* _Exercise_
Take each line from the entries that holds "background" and copy it out.

* _Data for review_
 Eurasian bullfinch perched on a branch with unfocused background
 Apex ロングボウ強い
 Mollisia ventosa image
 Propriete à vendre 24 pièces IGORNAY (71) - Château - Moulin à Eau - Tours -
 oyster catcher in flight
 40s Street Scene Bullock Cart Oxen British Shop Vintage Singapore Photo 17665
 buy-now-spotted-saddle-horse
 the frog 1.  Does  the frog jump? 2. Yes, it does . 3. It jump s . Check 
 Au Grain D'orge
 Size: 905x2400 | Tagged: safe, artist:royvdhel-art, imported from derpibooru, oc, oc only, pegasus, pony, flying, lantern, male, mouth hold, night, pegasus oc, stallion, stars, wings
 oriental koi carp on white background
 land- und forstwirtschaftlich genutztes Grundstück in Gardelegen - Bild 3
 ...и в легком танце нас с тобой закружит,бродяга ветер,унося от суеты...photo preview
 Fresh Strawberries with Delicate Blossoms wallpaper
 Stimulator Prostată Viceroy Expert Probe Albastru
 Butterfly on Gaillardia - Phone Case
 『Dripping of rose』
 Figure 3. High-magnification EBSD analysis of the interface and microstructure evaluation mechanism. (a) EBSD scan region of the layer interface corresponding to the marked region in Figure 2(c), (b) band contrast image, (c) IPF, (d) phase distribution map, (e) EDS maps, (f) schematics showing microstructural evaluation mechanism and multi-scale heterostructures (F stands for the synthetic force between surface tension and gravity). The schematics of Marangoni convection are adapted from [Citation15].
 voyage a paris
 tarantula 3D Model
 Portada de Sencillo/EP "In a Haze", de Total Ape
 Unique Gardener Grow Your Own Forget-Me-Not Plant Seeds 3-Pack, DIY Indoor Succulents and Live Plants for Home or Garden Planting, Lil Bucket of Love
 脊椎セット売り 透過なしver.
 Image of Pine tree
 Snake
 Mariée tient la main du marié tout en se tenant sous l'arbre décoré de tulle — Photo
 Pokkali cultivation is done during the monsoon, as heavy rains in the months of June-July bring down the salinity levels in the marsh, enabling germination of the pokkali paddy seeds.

* _Written solution_
 Eurasian bullfinch perched on a branch with unfocused background
 oriental koi carp on white background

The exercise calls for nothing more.